I think it is Chessie Seaboard Multiplier.


----------



## W3NZL (Jan 2, 2008)

Well here in the heart of CSX country, most of their employees refer to it as the "CHICKEN S--T XPRESS".... 
Paul R...


----------



## Mike Reilley (Jan 2, 2008)

From the Wiki..."The name came about during merger talks between Chessie System, Inc. and Seaboard System Railroad, Inc., commonly called _Chessie_ and _Seaboard_. The company chairmen said it was important for the new name to include neither of those names because it was a partnership. Employees were asked for suggestions, most of which consisted of combinations of the initials. At the same time a temporary shorthand name was needed for discussions with the Interstate Commerce Commission. CSC was chosen but belonged to a trucking company in Virginia. CSM (for Chessie-Seaboard Merger) was also taken. The lawyers decided to use CSX, and the name stuck. In the public announcement, it was said that "CSX is singularly appropriate. C can stand for Chessie, S for Seaboard, and X, which actually has no meaning." The T had to be added to CSX when used as a reporting mark because reporting marks that end in X means that the car is owned by a leasing company or private car owner.
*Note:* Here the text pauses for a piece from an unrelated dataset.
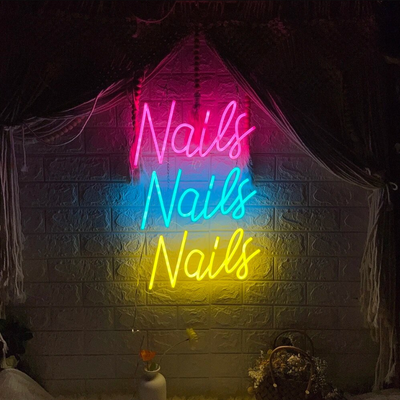 Custom Nails Neon Sign For Business, Company, Beauty Nail, Eyebrow Salon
Its current slogan, "How Tomorrow Moves", appeared in 2009.[2]


----------



## NTCGRR (Jan 2, 2008)

Thanks Mike 
very interesting....


----------



## DKRickman (Mar 25, 2008)

Posted By W3NZL on 07 Jan 2012 05:09 PM 
Well here in the heart of CSX country, most of their employees refer to it as the "CHICKEN S--T XPRESS".... 
Paul R...

Funny.. The guys on NS call it the same thing


----------



## Tom Parkins (Jan 2, 2008)

*C*rash *S*pill e*X*plode


----------



## Dave Meashey (Jan 2, 2008)

Yeah, I'll second what Tom wrote. Think I first saw that combination used by Jon Miller from Virginia Beach. It got started the year CSX had several nasty derailments, including a tunnel fire. 

Have fun, 
David Meashey


----------



## vsmith (Jan 2, 2008)

C-rash 
S-pill 
X-plode 

C-an't 
S-top & 
X-plain 

C-rawl 
S-top 
X-peletive 

Somewhere I read that its supposed to stand for "Chessie Seaboard Exchange" but I like mine more


----------



## Mike Reilley (Jan 2, 2008)

Posted By NTCGRR on 08 Jan 2012 06:43 AM 
Thanks Mike 
very interesting.... 
When you have another one of those questions....I've found it easiest to just type the question into the Google search bar...the question...not some shorthand version. In almost every case, the answer will be in one of the first three links returned. For example, we'll be watching a movie on TV. The wife will ask me when the movie was made. I pull up Google, type in "When was XXXX made"...and I get the answer...every time.


----------



## Randy Stone (Jan 2, 2008)

Mikey Mikey 

If everyone did that, we wouldn't have many threads on this site. 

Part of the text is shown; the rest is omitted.